- Born: 18 September 1948 Melbourne, Victoria, Australia
- Died: 5 August 2001 (aged 52) Mallorca, Spain
- Occupations: Stockbroker Media proprietor
- Years active: 1975–1991
- Spouse: Pixie Skase

= Christopher Skase =

Australian businessman (1948–2001)

Christopher Charles Skase (18 September 1948 – 5 August 2001) was an Australian businessman who later became one of his country's most wanted fugitives, after his business empire crashed spectacularly and he fled to Mallorca, Spain.

==Early life==
Skase was born into a wealthy Melbourne family. His father was Charles Skase, 1948 winner of the Melbourne Sun-Aria, and prominent on-air personality on radio station 3DB, including his role as star of the live-to-air program, The Happy Gang, in the 1950s. Skase was educated at Malvern and Caulfield Grammar Schools.

==Career==
Skase began his career as a stockbroker, but soon became a finance journalist instead, working at The Sun News-Pictorial. In 1975 he purchased Qintex, a small Tasmanian company. By 1980 he was executive chairman of Hardy Brothers jewellers.

Skase slowly developed Qintex and, over several years, turned it into one of Australia's larger corporations. In March 1981 as chairman, Skase announced that the company had acquired a 5.89 per cent interest in regional television and radio operator Victorian Broadcasting Network Ltd. By the late 1980s, the Qintex group was worth A$1.5 billion. Skase owned five resorts as well as interests in the Seven television network and the Brisbane Bears football club.

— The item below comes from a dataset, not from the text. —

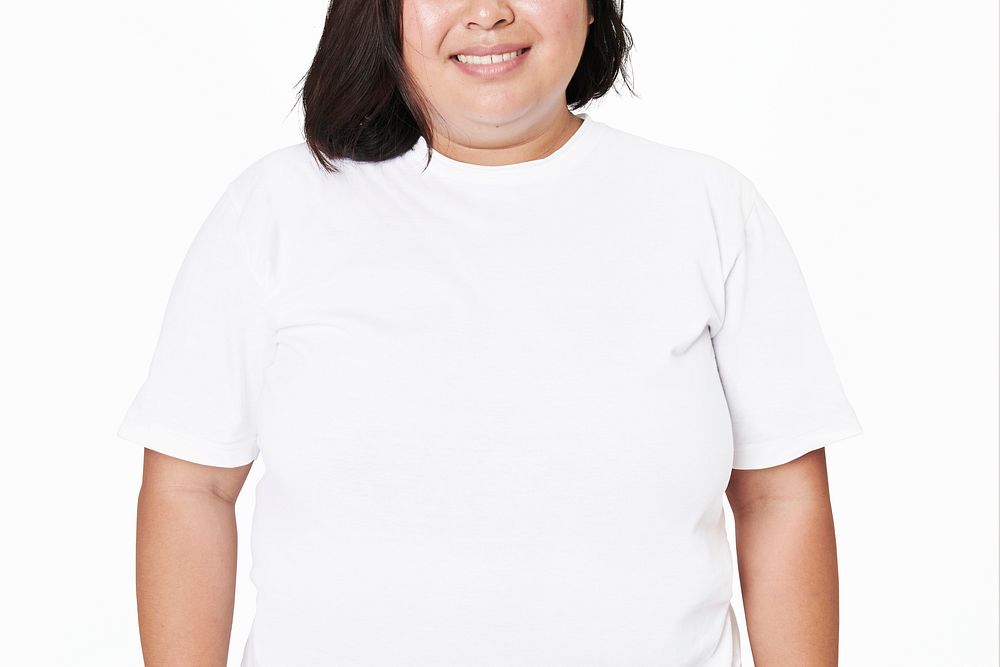 Women's white t-shirt mockup fashion shoot in studio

On the eve of the 1990 economic recession, his two Mirage resorts in Queensland were among the largest in the country and one of them, the Mirage Port Douglas Resort, played a key role in putting the formerly small town of Port Douglas on the international tourist map.

Skase became known for his displays of wealth, with a lavish 40th birthday party in 1988, and a company Christmas party that cost $450,000. In one particular incident, he had his private jet fly from Port Douglas to Melbourne to pick up a dress for his wife, Pixie.

==Downfall==
By 1989, interest rates had risen, an attempt to buy the MGM film studios fell through, and Skase was forced to sell half of his resorts to Japanese investors. In the months that followed, it became clear that Skase and the Qintex group had overextended themselves.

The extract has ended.